Batch Shipyard Node Preparation and Custom Images

For non-custom images (i.e., platform images or Marketplace images), Batch Shipyard takes care of preparing the compute node with the necessary software in order for tasks to run with Batch Shipyard.

Because custom images can muddy the assumptions with what is available or not in the operating system, Batch Shipyard requires that the user prepare the custom image with the necessary software and only attempts to modify items that are needed for functionality. Software that is required is checked during compute node preparation.

Base Required Software

Docker Host Engine

The Docker host engine must be installed and must be invocable as root with default path and permissions. The service must be running upon boot. The Docker socket (/var/run/docker.sock) must be available (it is available by default).

SSH Server

An SSH server should be installed and operational on port 22. You can limit inbound connections through the Batch service deployed NSG on the virtual network or network interface (and/or through the software firewall on the host).

GPU-enabled Compute Nodes

In order to utilize the GPUs available on compute nodes that have them (e.g., N-series VMs), the NVIDIA driver must be installed and loaded upon boot.

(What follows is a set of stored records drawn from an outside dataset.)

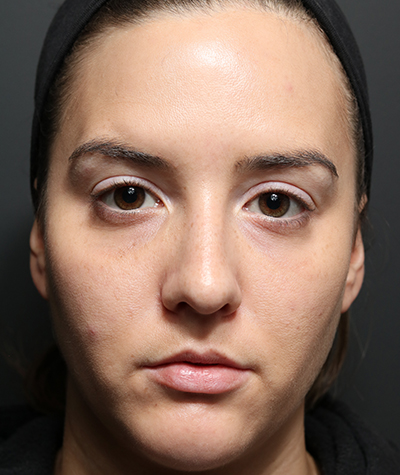 Fillers After Photo #2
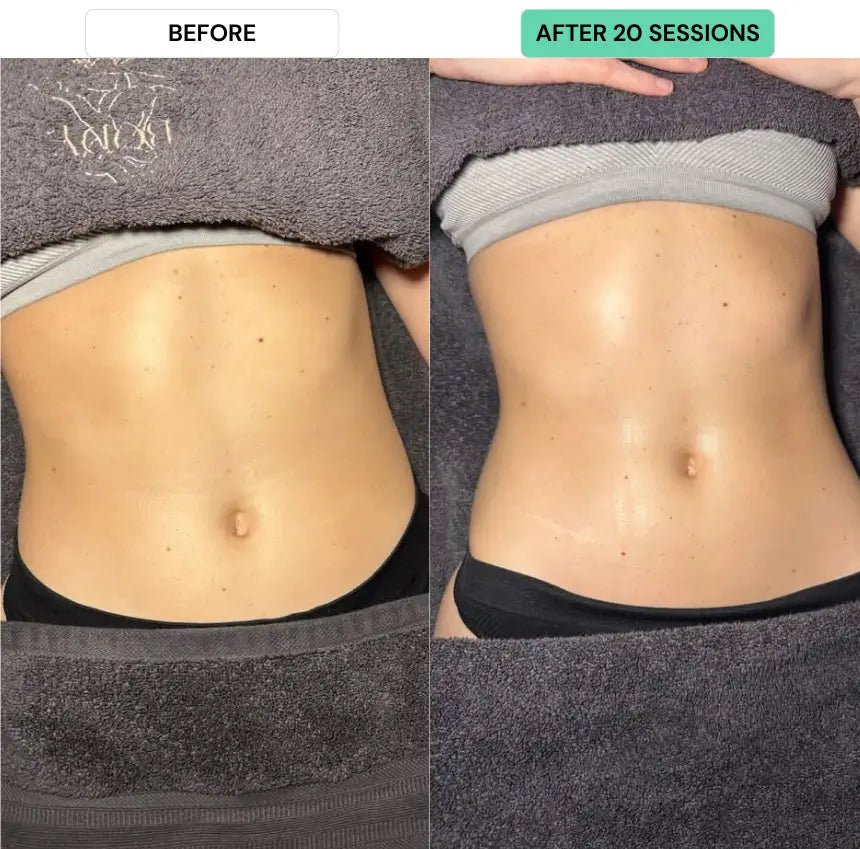 Does a Steam Sauna Burn Calories? A Canadian's Guide to Relaxation and Fat Burn - AURAPRO SAUNA™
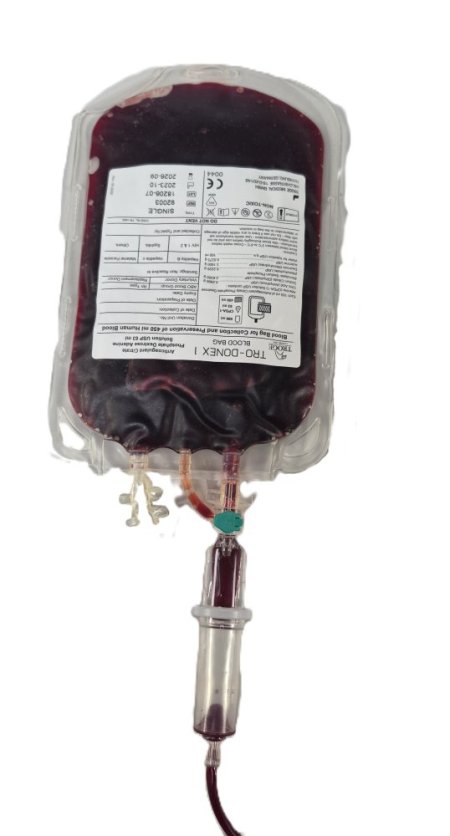 Blood Bag With Giving Set
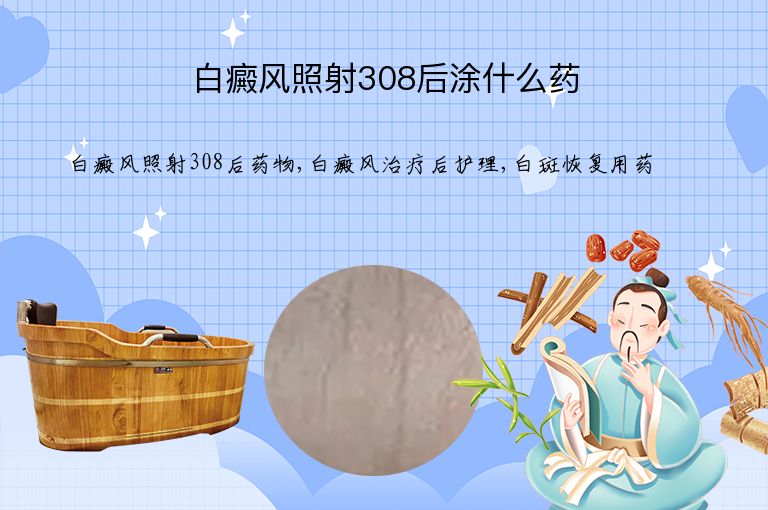 白癜风照射308后涂什么药”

Additionally, nvidia-docker must be installed and the service must be running upon boot.

Infiniband/RDMA-enabled Compute Nodes

The host VM Infiniband/RDMA stack must be enabled with the proper drivers and the required user-land software for Infiniband installed. It is best to base a custom image off of the existing Azure platform images that support Infiniband/RDMA.

Storage Cluster Auto-Linking and Mounting

If mounting a storage cluster, the required NFSv4 or GlusterFS client tooling must be installed and invocable such that the auto-link mount functionality is operable. Both clients need not be installed unless you are mounting both types of storage clusters.

GlusterFS On Compute

If a GlusterFS on compute shared data volume is required, then GlusterFS server and client tooling must be installed and invocable so the shared data volume can be created amongst the compute nodes.

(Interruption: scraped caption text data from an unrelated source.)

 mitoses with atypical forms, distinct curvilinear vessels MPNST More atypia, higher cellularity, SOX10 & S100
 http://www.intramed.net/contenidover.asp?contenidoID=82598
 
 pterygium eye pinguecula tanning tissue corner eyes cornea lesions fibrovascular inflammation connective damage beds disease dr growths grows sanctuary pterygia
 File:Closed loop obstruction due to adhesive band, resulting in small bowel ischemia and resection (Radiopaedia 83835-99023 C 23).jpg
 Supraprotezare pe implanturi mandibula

Installed/Configured Software

Batch Shipyard may install and/or configure a minimal amount of software to enusre that components and directives work as intended.

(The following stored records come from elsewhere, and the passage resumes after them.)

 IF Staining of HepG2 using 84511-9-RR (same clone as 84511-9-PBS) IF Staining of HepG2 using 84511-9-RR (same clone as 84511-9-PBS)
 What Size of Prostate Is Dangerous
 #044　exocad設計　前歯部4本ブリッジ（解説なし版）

Encryption Certificates and Credential Decryption

If employing credential encryption, Batch Shipyard will exercise the necessary logic to decrypt any encrypted field if credential encryption is enabled. Properties in the global configuration should be enabled as per requirements as if deploying a non-Custom Image-based compute node.

Batch Shipyard Docker Images

Batch Shipyard Docker images required for functionality on the compute node will be automatically installed.

Azure File Docker Volume Driver

Batch Shipyard will install and configure the Azure File Docker Volume Driver for any Azure File shared data volumes that are specified.

Packer Samples

The contrib area of the repository contain example packer scripts to create a custom image from an existing Marketplace platform image.

Allocating a Pool with a Custom Image

When allocating a compute pool with a custom image, you must ensure the following:

  1. You will be deploying the pool with a User Subscription Batch account
  2. Custom image VHD is in your storage account as a page blob object
  3. The storage account is in the same subscription and region as your User Subscription Batch account
  4. You have sufficiently replicated the custom image VHD across enough storage accounts if your compute pool exceeds the single VHD limit. These storage accounts are in the same subscription and region as your User Subscription Batch account
  5. Your pool specification has the proper vm_configuration settings for custom_image * You have image_uris for all of these custom image VHDs. These URIs should not include SAS information of any kind. They should be "bare" URLs. * node_agent is populated with the correct node agent sku id which corresponds to the distribution used in the custom image. For instance, if your custom image is based on Ubuntu 16.04, you would use batch.node.ubuntu 16.04 as the node_agent value. You can view a complete list of supported node agent sku ids with the pool listskus command.